EXERCISE INSTRUCTIONS:
From the entries below, copy exactly the lines from the one that contains "Valge maja maapiirkonna" through the one that contains "Collar con plumas", both included, and only those.

SOURCE DATA:
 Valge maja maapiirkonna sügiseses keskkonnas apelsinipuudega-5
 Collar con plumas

==

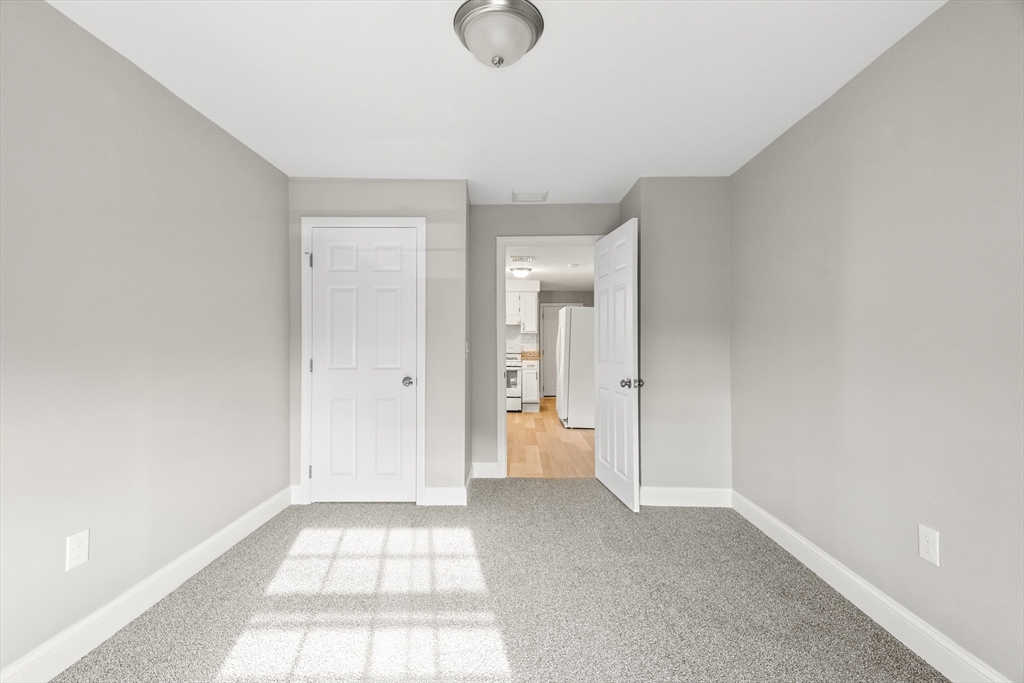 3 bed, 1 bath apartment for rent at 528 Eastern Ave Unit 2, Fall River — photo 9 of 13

--

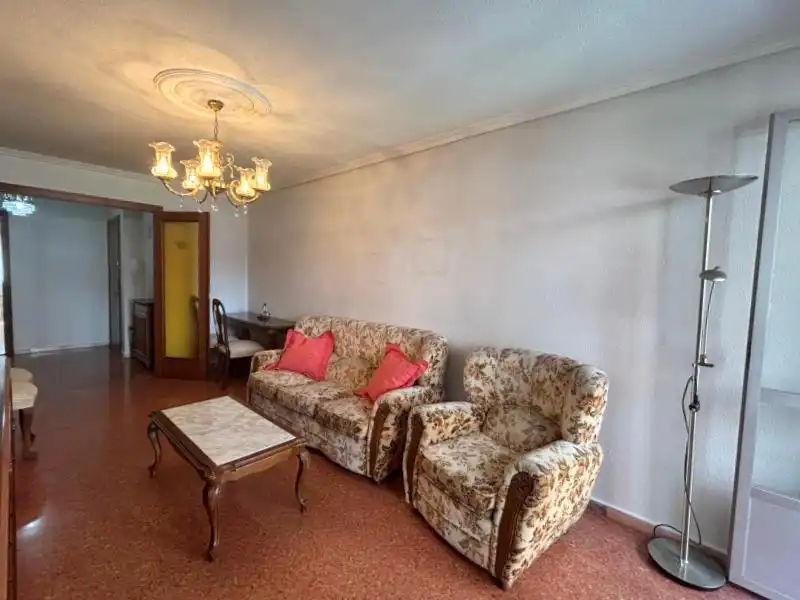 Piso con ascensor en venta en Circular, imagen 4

ANSWER TO THIS TASK:
 Valge maja maapiirkonna sügiseses keskkonnas apelsinipuudega-5
 Collar con plumas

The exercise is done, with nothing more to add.